### Your task:
Every line containing "image" should be copied out. Go through the entries and find them.

### Input material:
==========
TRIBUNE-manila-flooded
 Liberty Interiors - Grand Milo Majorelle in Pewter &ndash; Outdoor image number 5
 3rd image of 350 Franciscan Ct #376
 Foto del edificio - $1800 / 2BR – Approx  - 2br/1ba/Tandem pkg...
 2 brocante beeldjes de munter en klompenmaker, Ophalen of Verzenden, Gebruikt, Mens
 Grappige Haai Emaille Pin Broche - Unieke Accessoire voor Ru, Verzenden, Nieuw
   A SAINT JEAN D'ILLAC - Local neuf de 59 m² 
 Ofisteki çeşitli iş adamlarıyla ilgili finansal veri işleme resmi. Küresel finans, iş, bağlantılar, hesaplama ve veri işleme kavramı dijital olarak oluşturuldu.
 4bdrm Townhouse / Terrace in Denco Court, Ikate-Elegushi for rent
==========
### Written solution:
 Liberty Interiors - Grand Milo Majorelle in Pewter &ndash; Outdoor image number 5
 3rd image of 350 Franciscan Ct #376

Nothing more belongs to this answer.